(Material provided):
- - - - -
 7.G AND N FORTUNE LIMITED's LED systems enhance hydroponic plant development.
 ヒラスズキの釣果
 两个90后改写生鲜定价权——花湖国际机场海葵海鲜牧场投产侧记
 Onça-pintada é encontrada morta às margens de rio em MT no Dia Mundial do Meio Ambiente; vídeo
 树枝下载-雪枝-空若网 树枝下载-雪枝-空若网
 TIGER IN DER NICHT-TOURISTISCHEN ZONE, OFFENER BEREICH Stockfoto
- - - - -
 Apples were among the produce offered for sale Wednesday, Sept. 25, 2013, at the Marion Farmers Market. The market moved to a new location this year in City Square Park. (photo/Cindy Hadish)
- - - - -
(Work to complete):
In the entries above, find the line with "Onça-pintada é encontrada" and the line with "TIGER IN DER", then restate word for word both of them and every line between, with nothing more.

(Worked solution):
 Onça-pintada é encontrada morta às margens de rio em MT no Dia Mundial do Meio Ambiente; vídeo
 树枝下载-雪枝-空若网 树枝下载-雪枝-空若网
 TIGER IN DER NICHT-TOURISTISCHEN ZONE, OFFENER BEREICH Stockfoto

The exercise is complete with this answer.